ISBN #: 978-1626562462
Page Count: 208
Copyright: February 2, 2015
Publisher: Berrett-Koehler Publishers; 1st Edition

Book Summary:
(Taken from the inside flap)

For astronaut Ron Garan, living on the International Space Station was a powerful, transformative experience--one that he believes holds the key to solving our problems here on Earth.

On space walks and through windows, Garan was struck by the stunning beauty of the Earth from space but sobered by knowing how much needed to be done to help this troubled planet. And yet on the International Space Station, Garan, a former fighter pilot, was working side by side with Russians, who only a few years before we're "the enemy". If fifteen nationalities could collaborate on one of the most ambitious, technologically complicated undertaking in history, surely we can apply that kind of cooperation and innovation toward creating a better world. That spirit is what Garan calls the "orbital perspective".

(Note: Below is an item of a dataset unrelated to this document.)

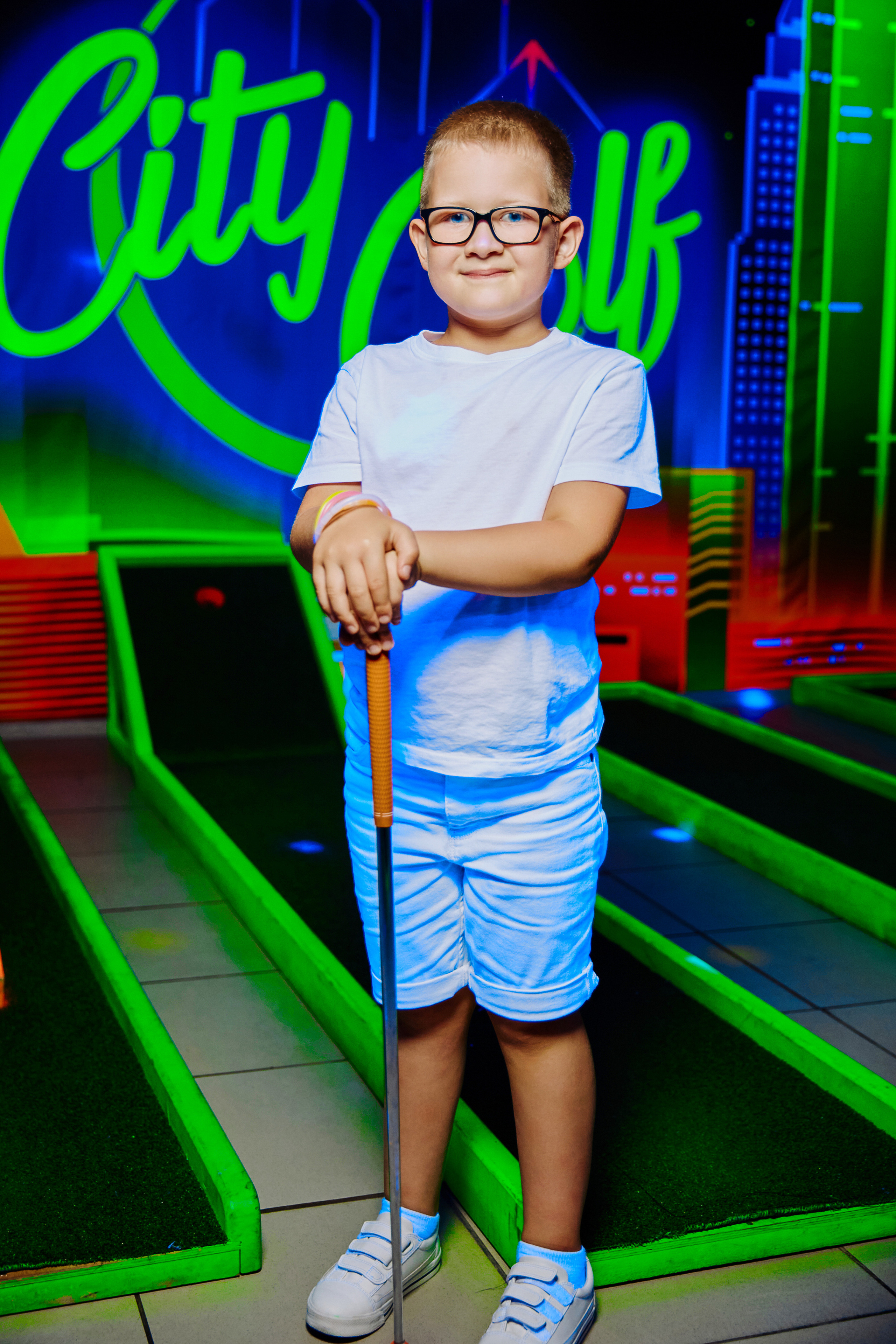 Фотограф на дитячий день народження у Дніпрі - неоновий клуб City Golf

Garan vividly conveys what is was like learning to work with a diverse group of people in an environment only a handful of human beings have ever known. But more importantly,  he describes how he and others are working to apply the orbital perspective here at home, embracing partnerships and processes to promote peace and combat hunger, thirst, poverty, and environmental destruction.  This book is a call to action  for each of us to care for the most important space station of all: planet Earth.  You don't need to be an astronaut to have the orbital perspective. Garan's message of elevated empathy is an inspiration to all who seek a better world.

Lupe's Review:

Astronaut Ron Garan takes us up in space and back down to earth again in his book about changing your perspective and being more globally aware.

I really wanted to like this book, and many times I did. Mr. Garan is an incredible story teller - when it comes to the actual stories he is telling. Unfortunately, to me, this read more like a college term paper than a call to action. He ends his chapters by SAYING he is ending the chapter and what we can expect from the next chapter. Now some people might say ," Well its not fiction of COURSE he is going to do that." But I've read books by Stephen Hawking, who writes his books so people without any basic grasp of science can read them, and NEVER USES THAT APPROACH. It literally made me crazy. Also, he uses his own title so much in the book that I took to just circling how many times I saw it than reading what the book was even saying.

I was pretty disappointed,  which sucks, because I really wanted to like it. I was really excited to read it. The message Mr. Garan is trying to get across is an important one - too bad his writing didn't reflect that.

*a physical copy was received in exchange for an honest review.